To finish setting up our Playwright integration, we need to add some specific Scrapy settings in our settings.py file.
DOWNLOAD_HANDLERS = {
"http": "scrapy_playwright.handler.ScrapyPlaywrightDownloadHandler",
"https": "scrapy_playwright.handler.ScrapyPlaywrightDownloadHandler",
}
PLAYWRIGHT_DEFAULT_NAVIGATION_TIMEOUT = (
30 * 1000
)
PLAYWRIGHT_BROWSER_TYPE = "chromium"
In DOWNLOAD_HANDLERS, we specify that we’ll want to use the Scrapy Playwright request handlers for both our http and https requests.

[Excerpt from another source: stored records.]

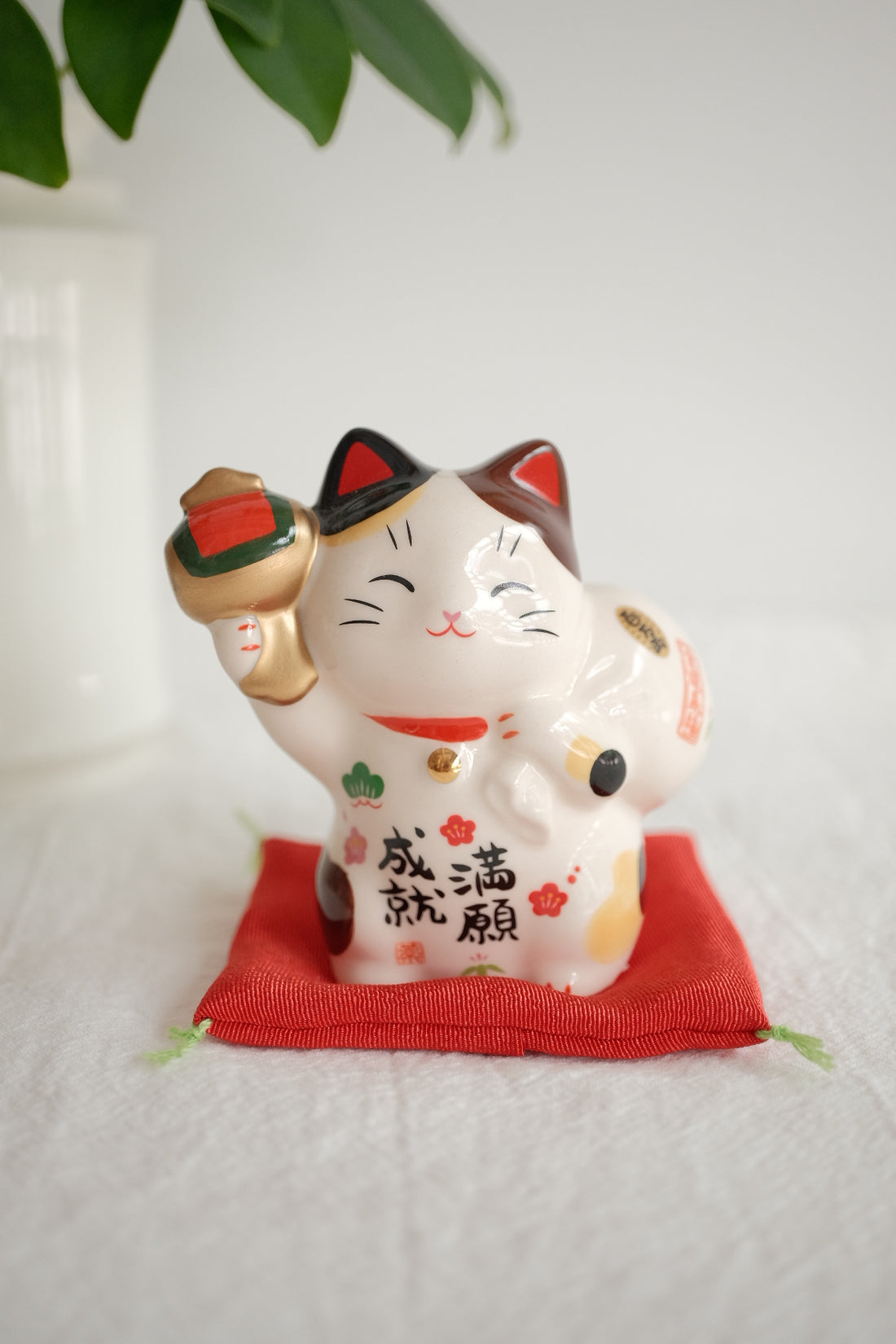 薬師窯 Maneki Neko Lucky Cat Ornament - Fortune Bag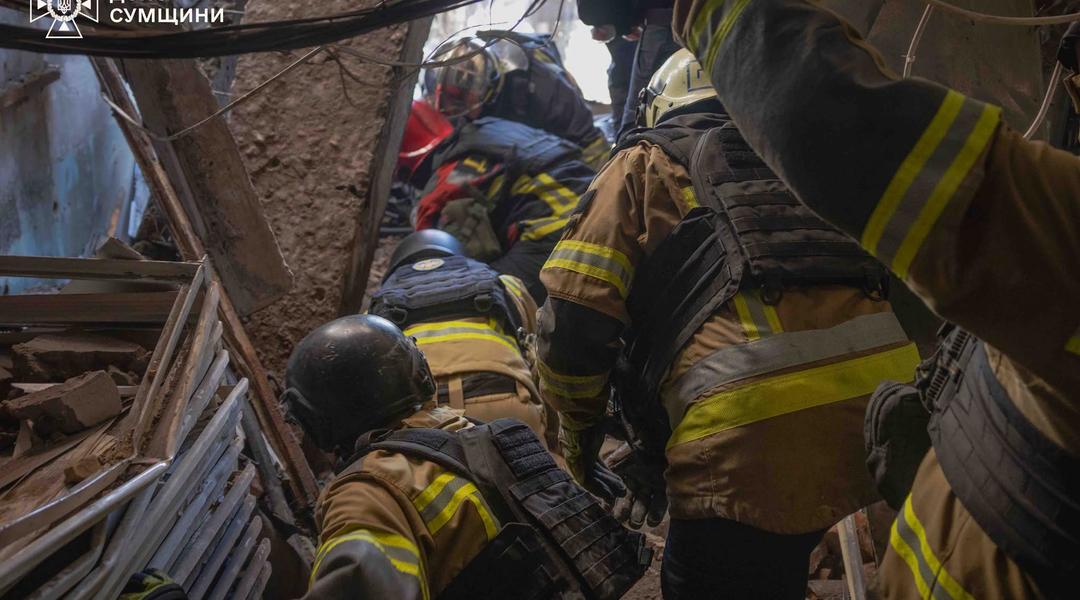 riatuvalnyky pratsiuiut na mistsiakh vluchan u sumakh Рятувальники працюють на місці атакаи в Сумах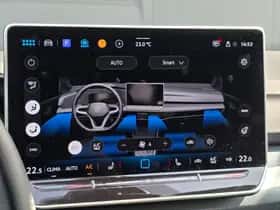Volkswagen Golf (2024) thumbnail 25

In PLAYWRIGHT_DEFAULT_NAVIGATION_TIMEOUT, we can specify the timeout value to be used when requesting pages with Playwright. The default value for Playwright timeouts is 30 seconds.
In PLAYWRIGHT_BROWSER_TYPE, we define the type of browser engine to be used to process requests.
For more in-depth information about these and all the other possible configuration parameters, you can check out the Playwright documentation on GitHub.
Let’s start with a simple scraping task just to see if our setup is correct. We’ll gather book titles and prices from https://books.toscrape.com/, a mock website designed for people to practice web scraping.
First, we’ll create a model for the information that we want scraped:
import scrapy
class Book(scrapy.Item):
title = scrapy.Field()
price = scrapy.Field()
We should put this model in the file items.py, which was already created by the Scrapy project initializer.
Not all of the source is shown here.